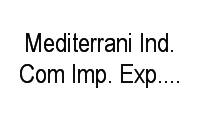 Logo Mediterrani Ind. Com Imp. Exp.Material Construção em Barreto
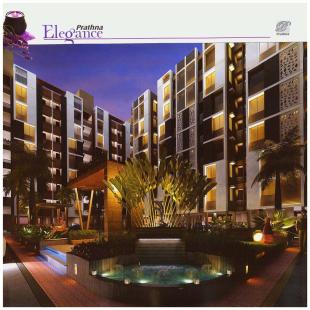Elevation of real estate project Prathna Elegance located at Gota, Ahmedabad, Gujarat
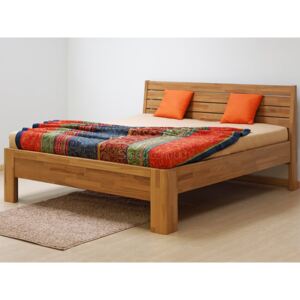 BMB postel GLORIA XL Povrchová úprava: Dub průběžný - patina, Rozměry ( šířka x délka): 140 x 200 cm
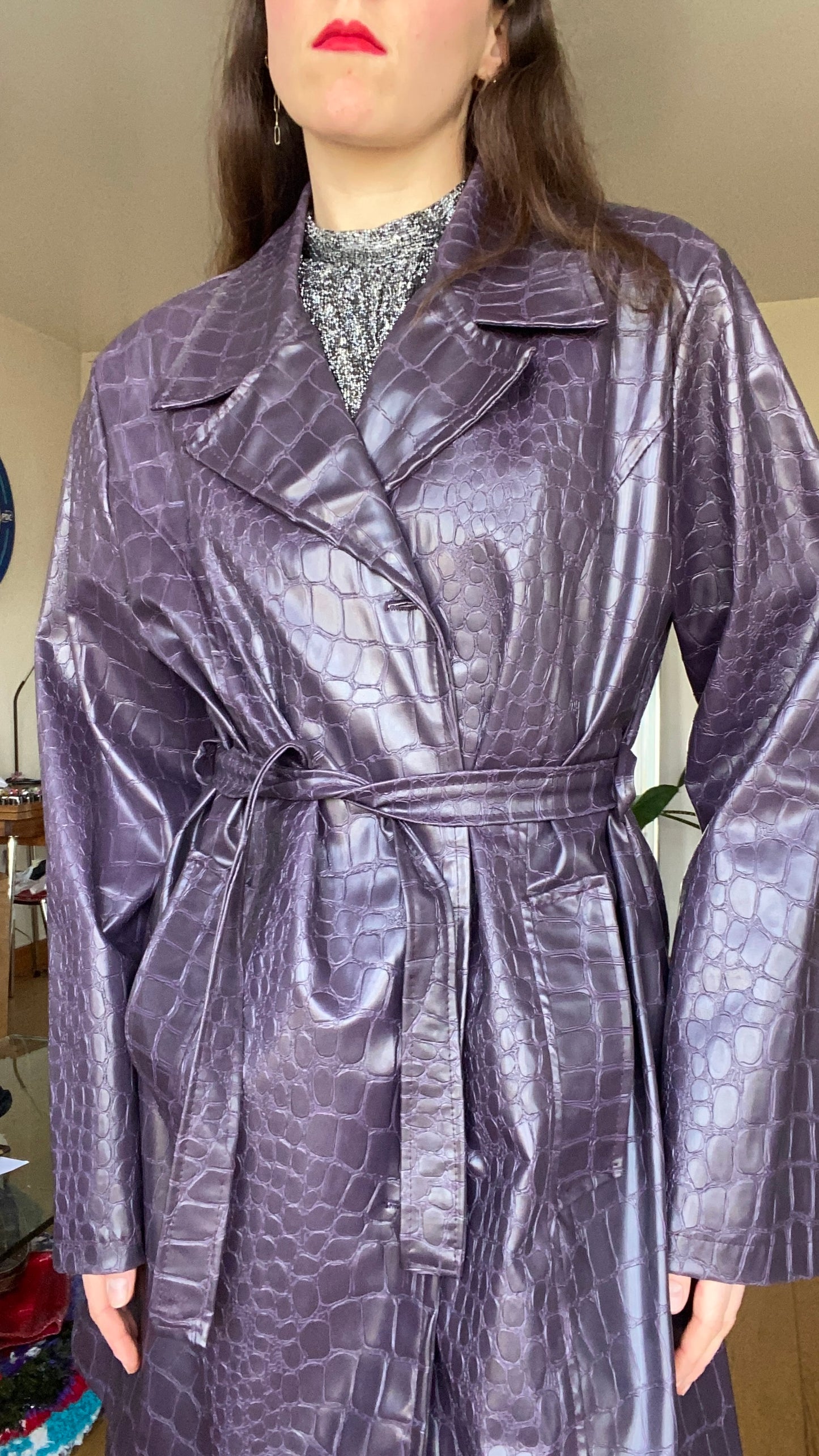 Imperméable croco 1980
○ ○ ○ ○ ○
▸ **Exercise aim**
Set down again, exactly, the lines from the one with "BMB postel GLORIA" to the last line of the data, both included and pictures excluded.

▸ **Response to the exercise**
 BMB postel GLORIA XL Povrchová úprava: Dub průběžný - patina, Rozměry ( šířka x délka): 140 x 200 cm
 Imperméable croco 1980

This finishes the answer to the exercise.